How many of you woke up this morning, sat down at the breakfast table and without a thought, poured your favourite cereal into a bowl with your milk of choice? You may have read the back of the box—an advertisement for something health-related or completed the maze—depending on the cereal. You may have looked over the nutrition facts food labels trying to assure yourself that you are, in fact, eating healthy food. But are you really?
Many of us assume that because a certain product is available, it must be safe and good for us. We don’t even bother reading the ingredients, focusing our attention solely on that big block of nutrition facts—the breakdown of nutrients in each serving. The ingredients are written in a much smaller font, usually below these “facts”—after consumers are sold on the idea that the food contains the perfect balance of calories, fat, carbohydrates and vitamins.
“Total Blueberry Pomegranate” cereal was recently pulled from the market after a simple investigation (i.e. reading of the ingredients) revealed that the cereal contained neither blueberries nor pomegranates. Yet, until the product was pulled, consumers believed that they were consuming a healthy product. A simple glance at the ingredients would have shown that chemicals and additives were masquerading as dried fruits in a “100 percent nutritious” cereal.
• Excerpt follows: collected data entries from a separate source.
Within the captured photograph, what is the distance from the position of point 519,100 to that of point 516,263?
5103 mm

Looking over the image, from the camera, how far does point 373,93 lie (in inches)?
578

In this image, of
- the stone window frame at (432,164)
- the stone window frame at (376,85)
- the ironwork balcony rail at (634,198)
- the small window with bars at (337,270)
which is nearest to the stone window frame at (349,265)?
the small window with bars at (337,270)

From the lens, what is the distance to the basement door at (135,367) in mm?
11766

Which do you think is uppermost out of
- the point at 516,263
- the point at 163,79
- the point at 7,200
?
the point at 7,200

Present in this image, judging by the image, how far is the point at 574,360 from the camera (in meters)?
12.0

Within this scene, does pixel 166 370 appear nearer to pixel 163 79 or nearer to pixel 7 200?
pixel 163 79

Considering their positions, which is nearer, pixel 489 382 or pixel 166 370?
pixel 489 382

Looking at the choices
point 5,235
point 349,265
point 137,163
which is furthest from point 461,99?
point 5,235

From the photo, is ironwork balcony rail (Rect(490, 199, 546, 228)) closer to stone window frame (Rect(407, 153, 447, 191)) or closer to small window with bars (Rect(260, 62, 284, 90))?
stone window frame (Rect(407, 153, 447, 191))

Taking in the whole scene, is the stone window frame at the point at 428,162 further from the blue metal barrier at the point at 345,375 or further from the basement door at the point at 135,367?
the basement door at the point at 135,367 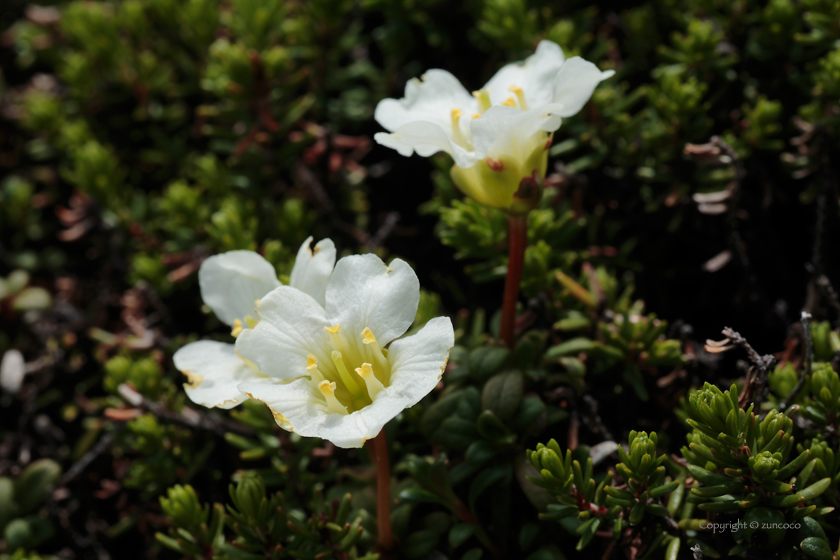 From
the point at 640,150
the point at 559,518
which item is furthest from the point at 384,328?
the point at 640,150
As many of the ingredients in highly processed foods are listed in scientific terms, most of us would require a team of PhDs or a pharmacopeia to discern what we are really eating. What exactly is BHT or artificial flavours? Both are commonly found in many processed foods—but the average person couldn’t tell you what they are, what they do, or even what they taste like. Yet, we continue to consume these additives without understanding the impact they may have on our health.
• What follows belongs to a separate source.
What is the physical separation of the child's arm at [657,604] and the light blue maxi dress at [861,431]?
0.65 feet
Remember Olestra? The “fat-free” oil that allowed us to eat all the potato chips we wanted, because its fat could not be absorbed into the body? Many people jumped to buy products prepared with Olestra, without considering that it may be unwise to consume a product that cannot be digested. Even the U.S. Food & Drug Administration gave its stamp of approval. And when later reports of severe intestinal problems surfaced, the makers of Olestra quickly scaled back its marketing of the so-called fat-free oil. But if consumers had researched the risks and side effects of this “miracle” oil, instead of entrusting marketing executives and government officials with their health, it would have saved millions in healthcare costs from Olestra-related illnesses.
A product is not safe just because an item receives government approval. There are numerous examples of chemical food additives that are known health hazards, but at one point, were approved for human consumption. Boric acid, saccharin, and safrole are just a few. What about the products deemed safe in some countries, yet banned in others? Nations across the globe frequently disagree on the effects and safety of food additives. Still, we continue to blindly trust that the foods we consume are safe, without even questioning what’s really behind the packaging.
Beyond temporary digestive issues, food additives are said to have caused serious illness—cancer, reproductive disorders, and heart disease, among others. And do those additives tested and proven safe for digestion retain their safety when combined with other chemicals? Studies suggest otherwise, as several respectable medical journals, including The Lancet, have published findings that certain combinations of food additives cause increased hyperactivity in children.
Dietary experts recommend limiting consumption of processed foods to those containing less than five ingredients. The thinking is that more ingredients equals greater health risk. Experts also suggest that we don’t consume products that contain ingredients that we cannot pronounce. I’m willing to take this a step further—even if you can pronounce them, make sure that you understand what they are and what they do to your body. I can say the word “nitrate,” but that doesn’t mean it isn’t a known carcinogen. It’s best stick to whole foods—organic produce, antibiotic- and hormone-free meats, and unrefined grains and legumes. Foods that provide all of the nutrients you need, without the preservatives and unhealthy additives. Why would you need anything more?